Work request —
No pictures belong in the copy. Retype exactly, and only, the stretch of lines below from the one with "2026 Ford F-250 - Photo 3" through the one with "Fixomull stretch 10 cmx10 m".

Data provided —

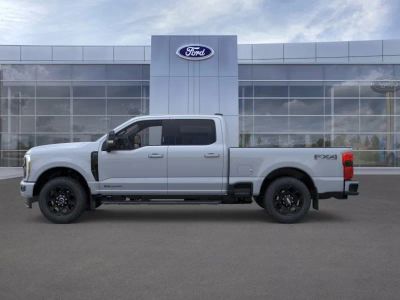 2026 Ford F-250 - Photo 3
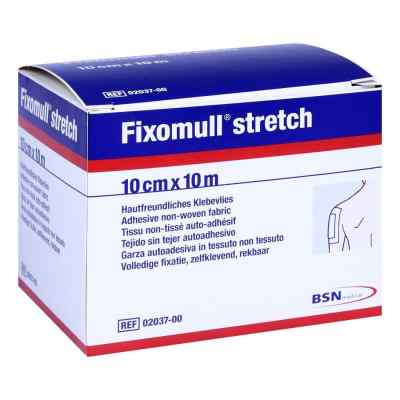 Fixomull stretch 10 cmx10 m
...
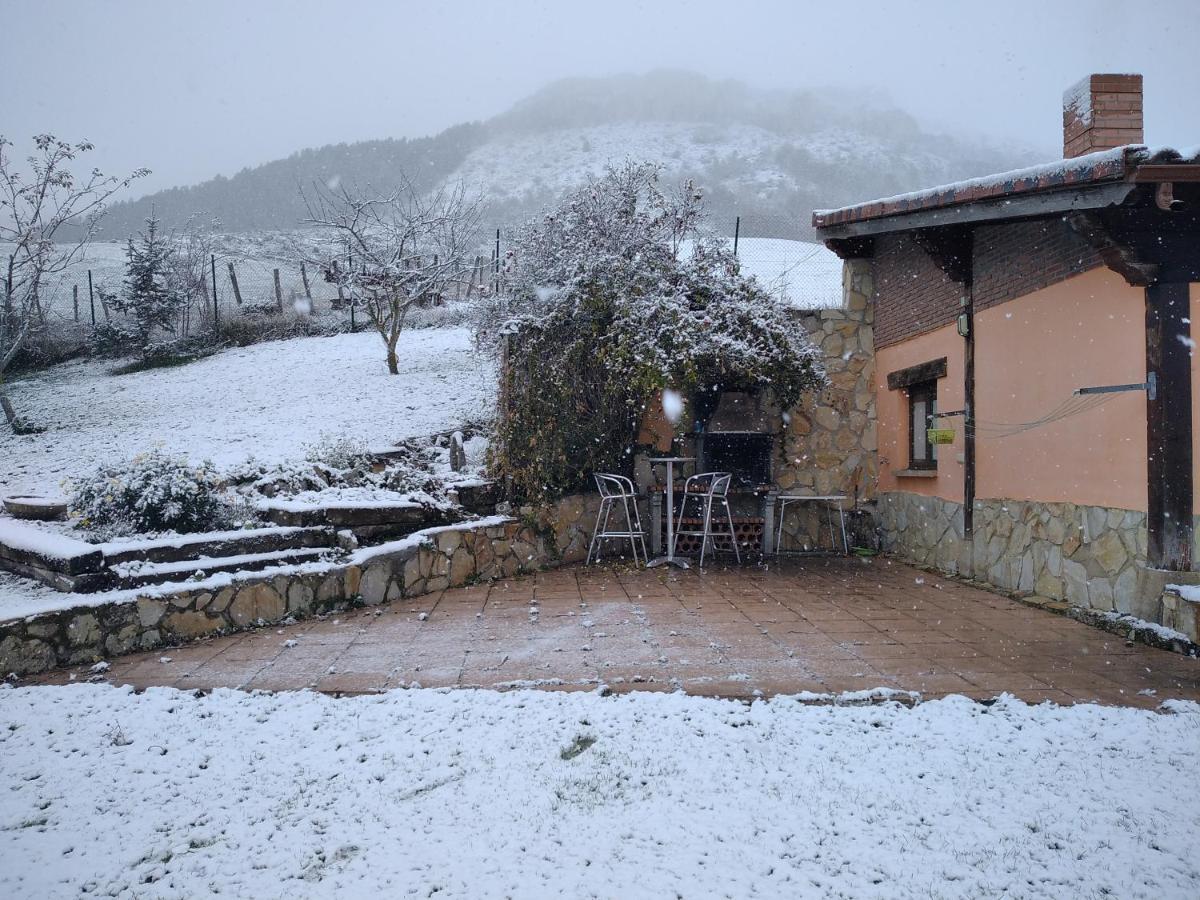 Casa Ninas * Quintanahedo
---
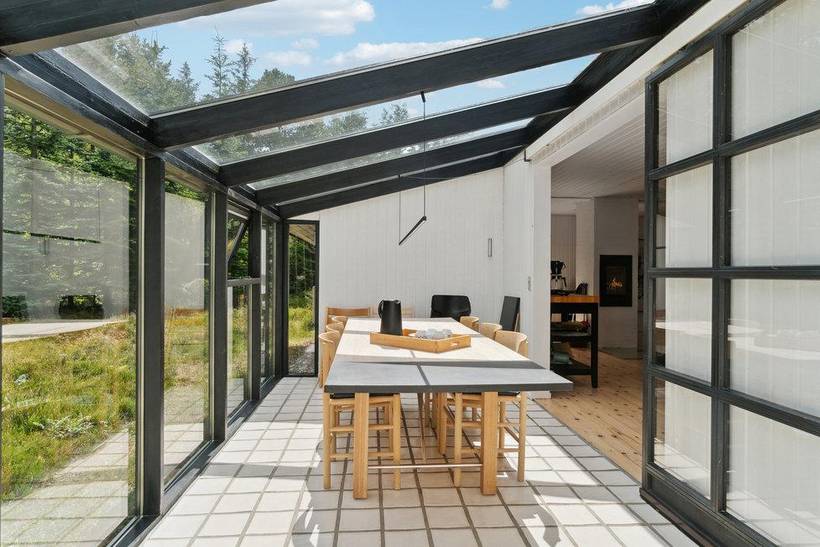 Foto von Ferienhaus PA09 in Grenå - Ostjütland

Answer box —
 2026 Ford F-250 - Photo 3
 Fixomull stretch 10 cmx10 m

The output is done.